Satu bulan setelah memikirkan semuanya akhirnya kini mereka sudah berada di Thailand, Mew sudah merestui pernikahan mereka berdua walaupun awalnya membuatnya tidak setuju, namun saat melihat putrinya terus memohon mau tidak mau Mew mengiyakan dan pulang ke Thailand, dan kini rumah Davikah terlihat sedikit sibuk karena pernikahan itu akan di gelar dua hari lagi.
"Kau sedang apa sayang?"
"Aku merindukanmu uncle, apa kita tidak bisa bertemu sebentar saja?"
"Tidak bisa sayang, kita harus mengikuti apa kata orang tua, aku pun merindukanmu ingin memeluk dan menciumu,"
"Hanya itu saja, tidak ingin yang lain?"
"Apa?"
"Jangan pura-pura tidak tau, apa aku harus telanjang dan berfoto lalu aku kirim pada uncle?"
"Jangan mesum, sabar ya,"
"Aku tidak sabar, aku akan menemui uncle di apartemen,"
"Sayang, jangan, disini juga ada Paman dan Bibi, mereka mengawasi ku juga,"
"Kita bertemu di hotel saja,"
Sudah hampir satu minggu mereka tidak di izinkan bertemu karena bentuk seperti adat, membuat Mila tidak suka ia seperti terkurung dan hanya bisa lewat ponsel saja mereka bicara.
"Hanya sebentar uncle, Mila mohon,"
"Tapi, bagaimana jika nanti kita di marahi?"
"Mereka tidak akan tau, percayalah,"
"Baiklah, kita bertemu di hotel tapi tidak lama ya,"

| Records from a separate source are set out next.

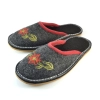 Pantoffeln Damen Filz Modell 202 – Hauptansicht mit Blumenstickerei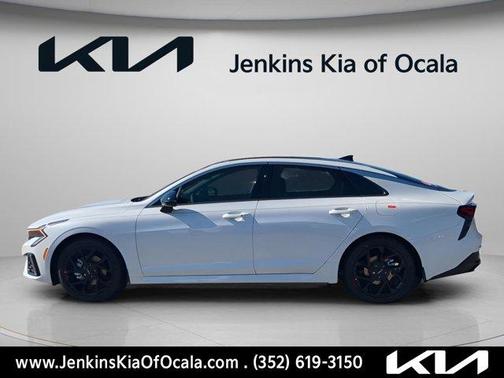 Snow White Pearl 2026 Kia K5 GT-Line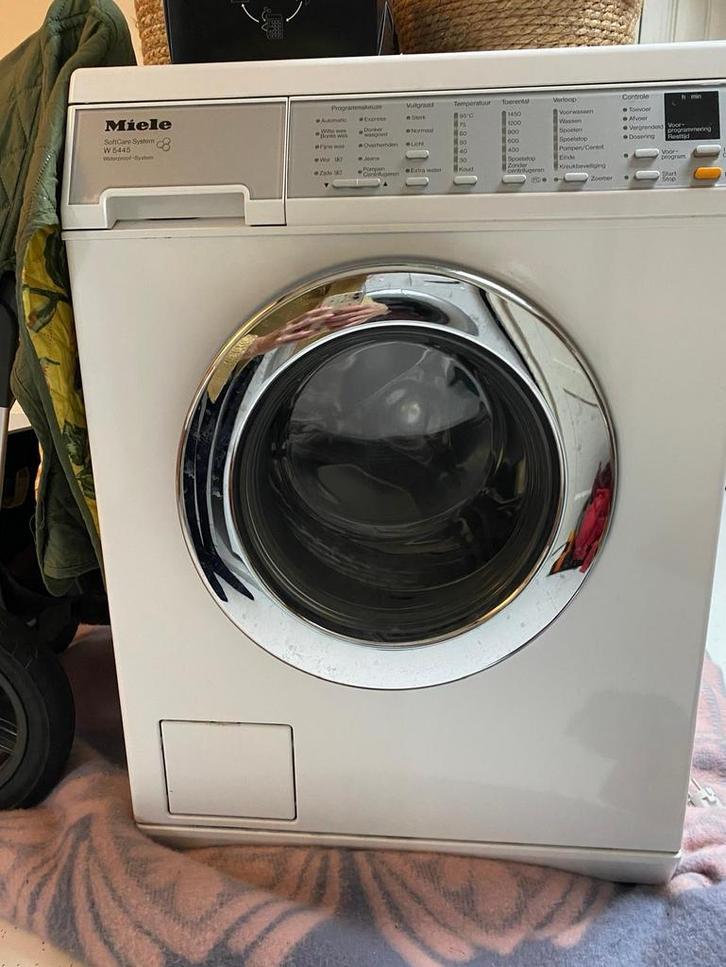 Miele W 5445 WPS Wasmachine 6 kg, Witgoed en Apparatuur, Wasmachines, Gebruikt, Voorlader, 4 tot 6 kg, 85 tot 90 cm, 1200 tot 1600 toeren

"Iya cayang ku, muahhh..."
Mila pun merasa senang lalu ia menganti pakaiannya, sedikit berdandan agar terlihat cantik saat bertemu calon suaminya nanti.
"Kau mau kemana?"
"Keluar sebentar Pa,"
"Iya kemana?"
"Supermarket, Mila ingin membeli sesuatu,"
"Ajak adikmu,"
"Tidak mau, Mila pergi sendiri saja,"
"Awas sampai bertemu dengan uncle,"
"Tidak janji, bye Papa, Mila pergi dulu, cupp,"
"Mila!"
"Hanya sebentar Pa,"
"Ya Tuhan," Keluh Gulf.
"Bagaimana? Sekarang kau tau kan jadi Mami dulu seperti apa? Beruntung hanya satu putrimu yang sama persis sepertimu, jika keduanya kau akan lebih stres lagi,"
"Mami, hiksss..."
"Sudah jangan menangis, terima saja, lagi pula semua sudah terjadi tidak bisa di atur ulang lagi,"
Gulf harus menerimanya ini seperti sebuah dosanya pada orang tuanya dulu yang tidak mau menurut dan selalu membantah, dan kini putrinya yang mengikuti jejaknya beruntung Mila mendapatkan laki-laki baik seperti Zee yang mau bertanggung jawab.
Kini Mila sudah berada di hotel ia menunggu Zee dengan sabar, Mila tidak berhenti tersenyum membayangkan hal indah-indah yang akan mereka lakukan, lamunannya buyar begitu saja saat bel berbunyi dengan tidak sabar Mila membuka pintu itu dan melihat sosok yang ia rindukan selama hampir satu minggu lebih.
"Uncle!" Mila mendekap tubuh itu dengan kuat, rasanya ia tidak ingin melepaskannya lagi.
Zee memeluk tubuh ramping itu lalu menggendongnya membawa kearah kasur king size, lalu merebahkan nya secara perlahan sambil berciuman, lihatlah Mila akan terlihat sangat agresif membuat Zee selalu kualahan saat meladeni nya.